Stored data entries:
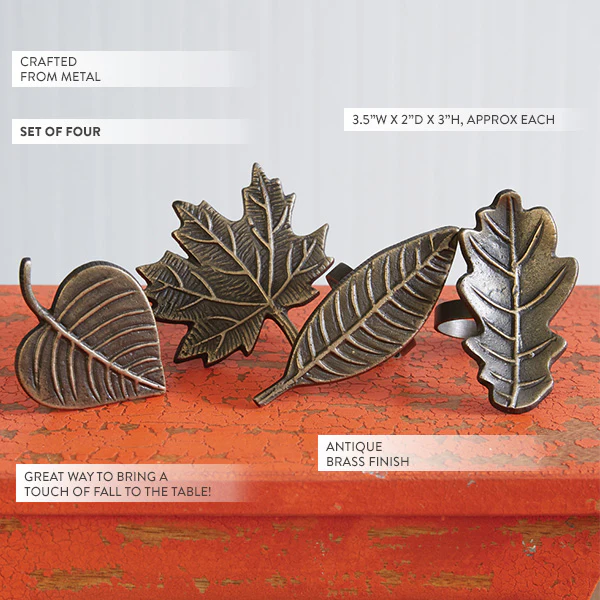 Autumn Leaf Napkin Rings, Set of Four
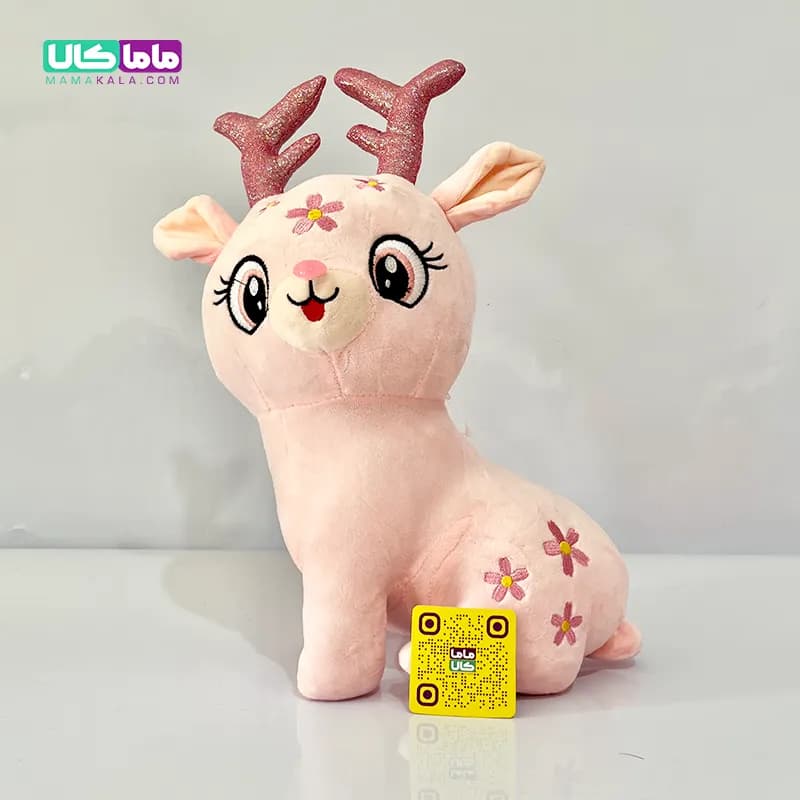 عروسک اورجینال گوزن گلی صورتی 40 سانتیمتری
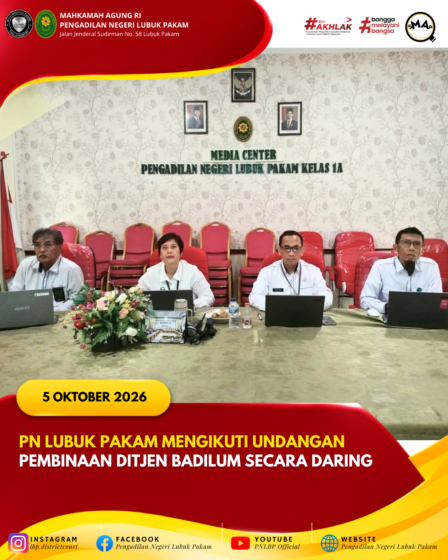 PN Lubuk Pakam Mengikuti Undangan Pembinaan Ditjen Badilum Secara Daring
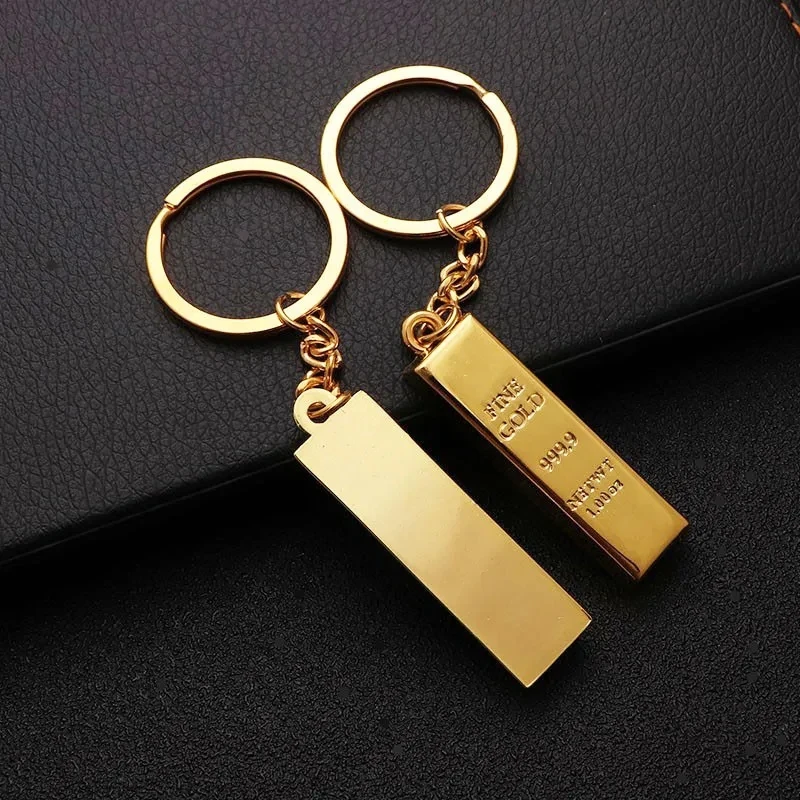 Creative Luxury Gold Bar Keychain Retro Mini Alloy Solid Color Rectangular Key Ring Bag Pendant Car Key Holder Jewelry Gift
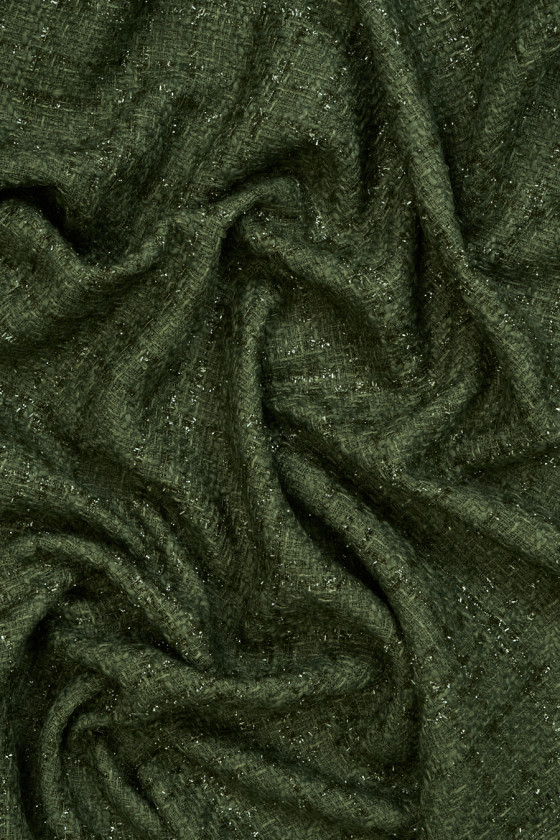 Tkanina typu chanel - zielona oliwka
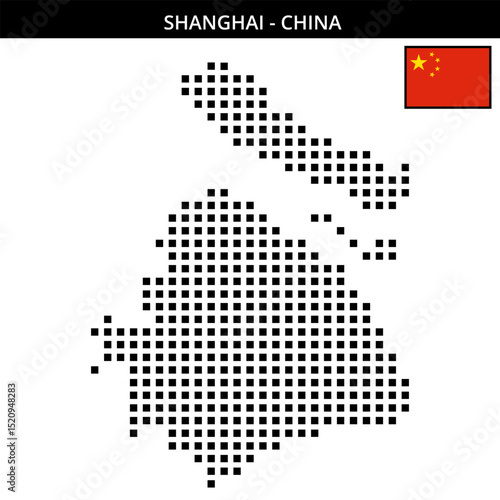 Canvas Print Big square dotted map of shanghai in China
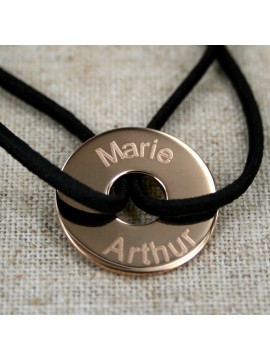 Bracelet médaille jeton 20mm à graver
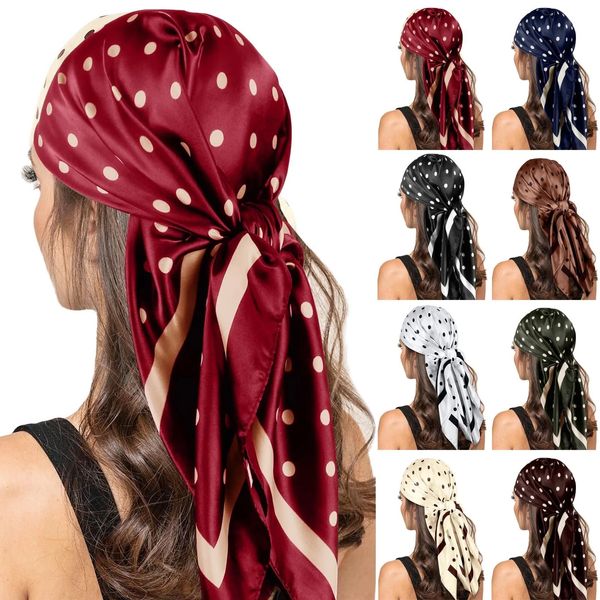 Moda cetim lenço quadrado bandana women polka Dots impressão pescoço de cabelo fêmea lenços de cabeça shawl starard 240410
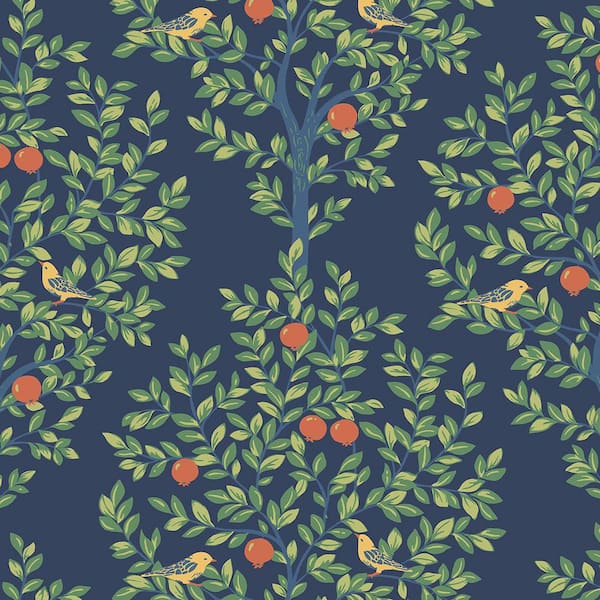 NextWall 31.35 sq. ft. Navy Blue and Greenery Fruit Tree Vinyl Peel and Stick Wallpaper Roll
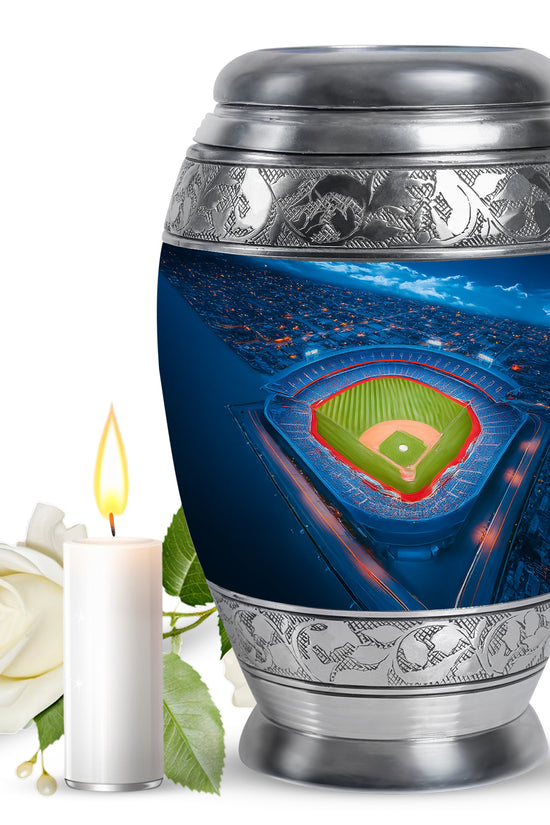 Misty Blue Baseball Cremation Urn back view with polished surface - regal baseball design with crown-inspired accents - full-size 10 inch 200 cubic inch adult cremation urn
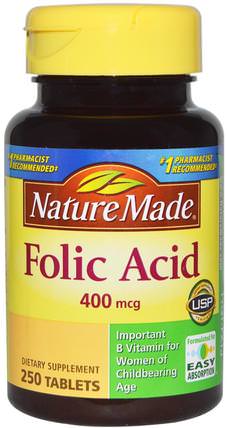 Folic Acid, 400 mcg, 250 Tablets by Nature Made, 維生素，葉酸 HK 香港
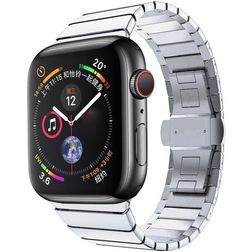 Mobigear Madrid Bracelet Acier pour Apple Watch Fermeture boucle déployante - 42/41/40/38 mm - Argent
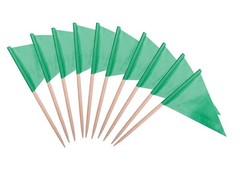 Solid Green Cupcake Toppers Flags Mini Small Plain Green Triangle Toothpick Stic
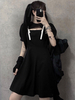 Robe gothique Lolita Op Polyester Black Manches Black Lolita One Piece Robe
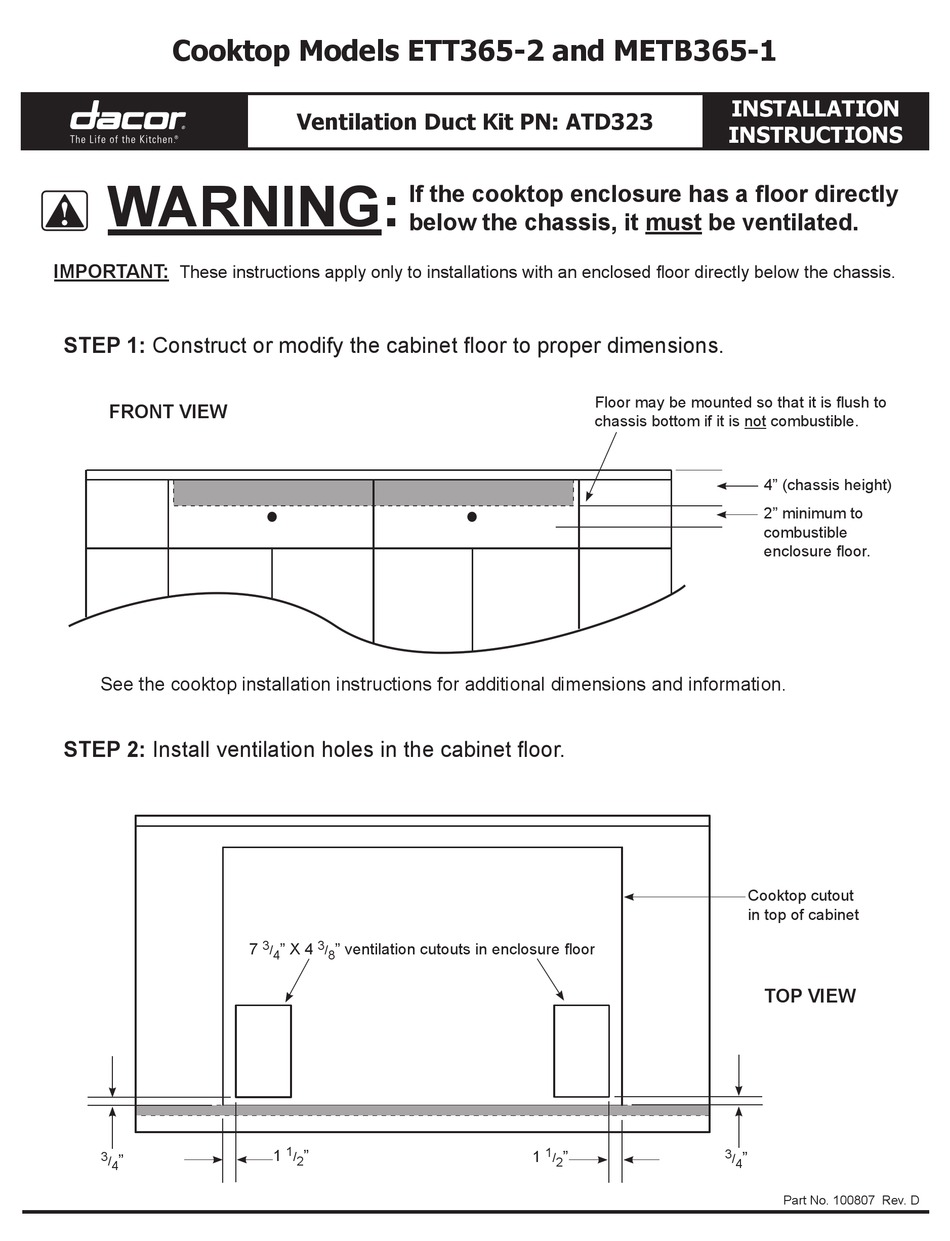 DACOR ATD323 INSTALLATION INSTRUCTIONS Pdf Download ManualsLib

PROBLEM DETAILS:
Restate word for word, and only, the lines from the line that contains "Mobigear Madrid Bracelet" through the end of the data, both included; pictures are not part of the copy.

TASK ANSWER:
 Mobigear Madrid Bracelet Acier pour Apple Watch Fermeture boucle déployante - 42/41/40/38 mm - Argent
 Solid Green Cupcake Toppers Flags Mini Small Plain Green Triangle Toothpick Stic
 Robe gothique Lolita Op Polyester Black Manches Black Lolita One Piece Robe
 DACOR ATD323 INSTALLATION INSTRUCTIONS Pdf Download ManualsLib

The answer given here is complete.